Traduction (modifiée): Rodolphe Dareste, 1875.
NOTES
(01) Sur le prêt à la grosse chez les Athéniens, voy. de Vries, De Fenoris nautici contractu, Harlem, 1842, et ma dissertation dans la Revue historique de droit français et étranger, Paris, 1867.
(02) En général, l’étranger ne pouvait pas se présenter en personne devant les tribunaux athéniens. Il était représenté par le proxène de sa nation, ou, s’il était métèque, par son patron, προστάτης. Mais, en matière de commerce maritime, une loi spéciale dérogeait à la règle. C’est en invoquant cette loi que le Marseillais Zénothémis a intenté une action contre l’Athénien Démon. Voy. Hermann, t. III, § 44, et Platner, Process und Klagen bei den Attlkern, p. 87.
(03) Hégestrate avait commis le crime appelé baraterie de patron, crime qui est toujours puni de mort.
(04) Πρωρεύς l’homme qui se tient à la proue.

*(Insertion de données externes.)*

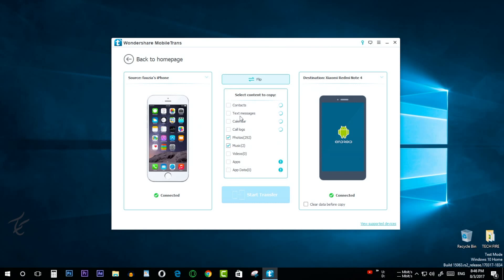Select the files you would like to transfer by checking the box beside the file type. You can choose to clear data in the destination folder if you want. This will erase the data in your Android device before transferring can begin. Do this by checking the clear data before copy box.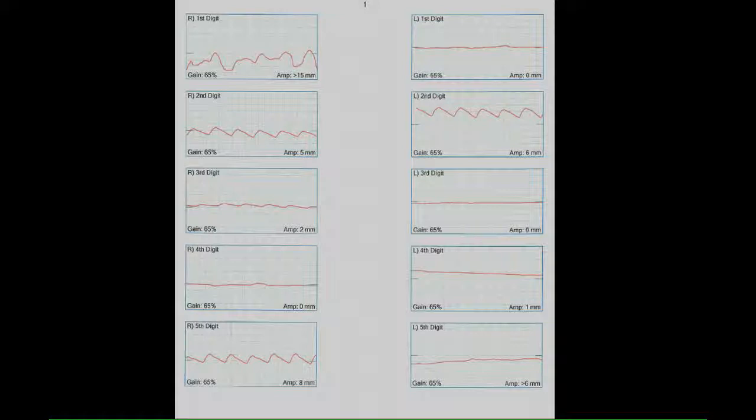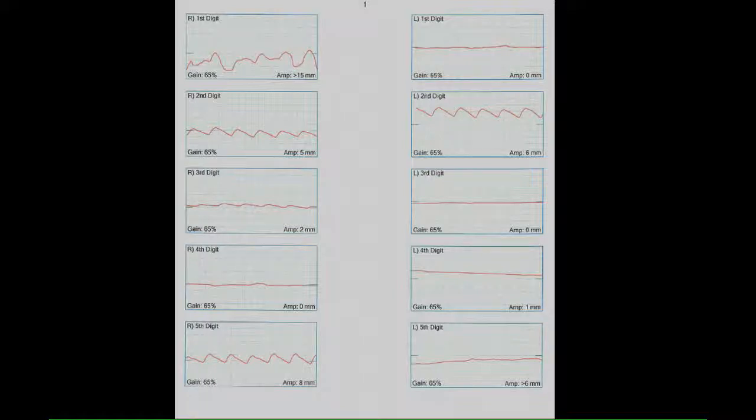However, after cold immersion, we note a significant decrease in flow at all levels, most notably at the left first digit, bilateral third and fourth digits, as well as the left fifth digit.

Il avait un rang intermédiaire entre le pilote κυβερνήτης qui tenait le gouvernail, et les simples matelots ναύται.
(05) Les commerçants intéressés dans une expédition maritime, et parfois même les prêteurs à la grosse, mettaient à bord un agent, un subrécargue, συμπλέων, pour surveiller le capitaine, et les représenter en cas de besoin. La précaution, comme on le voit, n’était pas inutile. Tous ces agents et les simples passagers s’appelaient ἐπιβαταί, par opposition aux gens de l’équipage ναύται. Voy. sur ce point la loi 122, D. De Verborum obligationibus (X.LV.I) et Cujas, ad Africanum, 1. 23, De Obligationibus et acitonibus (éd. Ven., I, p. 1230). Voy. aussi Plutarque, Cato major, cap. 21.
(06) Le navire avait été frété d’Athènes à Syracuse et retour. Pour rompre le voyage et retourner à Marseille, qui est le port d’armement, Zénothémis a besoin d’un jugement rendu par les autorités du lieu où il a fait relâche; mais les juges de Céphallénie décident que le navire est en état de continuer sa route.

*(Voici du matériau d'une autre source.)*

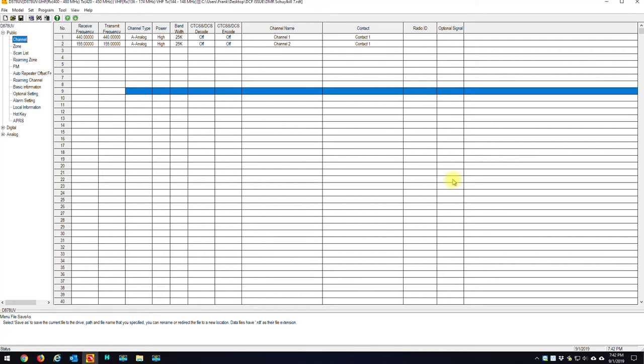Hi, this is Frank, KB2MXV. I just want to show you guys a little hack on how to change your mode of your radio to a different mode without having to rewrite your whole radio.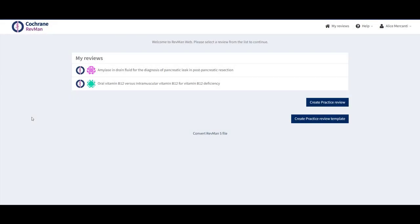Hello, this is Alice Mercanti, Publishing Systems Support Specialist at Cochrane. Today, I'll be showing you how to export and download study data in Revman.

(07) Πρεσβευτὴν ἐκ βουλῆς. Les anciens interprètes, et G. Schaefer lui-même, croient que ces mots désignent un membre du Conseil des Cinq-cents, que les chargeurs envoient à Céphallénie avec une sorte de caractère public ; mais il est facile de voir par le contexte que cet Aristophon était un simple mandataire, avec un caractère purement privé. Ἐκ βουλῆς veut donc dire que la désignation de mandataire a été faite par tous les intéressés au chargement, réunis en assemblée générale. C’est le sens donné par Vœmel.
(08) L’emprunteur à la grosse chargeait sur son navire les espèces fournies par le prêteur, ou les marchandises achetées avec ces espèces. Zénothémis n’avait rien chargé du tout, puisqu’il avait envoyé les fonds à Marseille. Il se défendait en disant qu’après les avoir reçus du ses prêteurs, il avait lui-même prêté ces fonds à Hégestrate, avec affectation sur le chargement. Mais Démon soutient que ce chargement a été acquis de ses deniers, par son emprunteur Protos. La question est donc de savoir à qui appartient le chargement.

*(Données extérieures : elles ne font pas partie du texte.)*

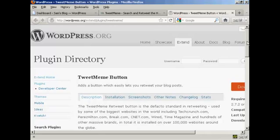In this video I'm going to show you how to install the TweetMeme button onto your WordPress blog. The TweetMeme button is a great way to get people to retweet your blog posts on Twitter.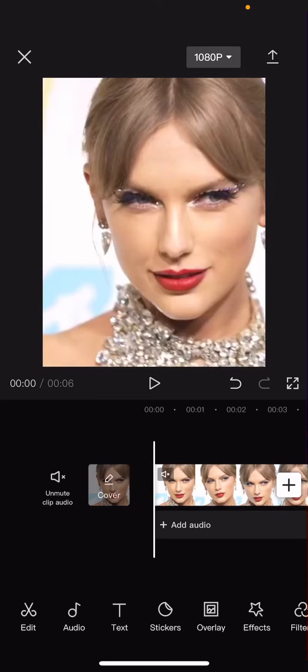Hey guys, and welcome back to this channel. In this video, I'll be showing you guys how you can easily add an overlay behind a person in CapCut.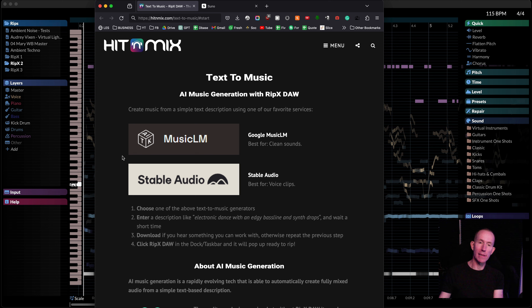A couple of months ago I did a video all about how you can use RipX as a guitarist to help you out. Today we're going to go a step further. We're going to step into the future and look at how you can use RipX with the slew of amazing AI music generators out there right now that are only getting better all the time, and I certainly enjoy kicking around with them.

(09) Le navire était marseillais, Hégestrate en était à la fois patron et propriétaire. Au départ d’Athènes il avait emprunté sur corps et quille pour payer les loyers de l’équipage et les autres dépenses courantes. En arrivant à Syracuse, il avait épuisé les sommes provenant de cet emprunt, et c’est pourquoi il en contracte un second. De retour au Pirée, Zénothémis ne peut payer les prêteurs qui prennent aussitôt possession du navire, sans contestation de la part de Zénothémis.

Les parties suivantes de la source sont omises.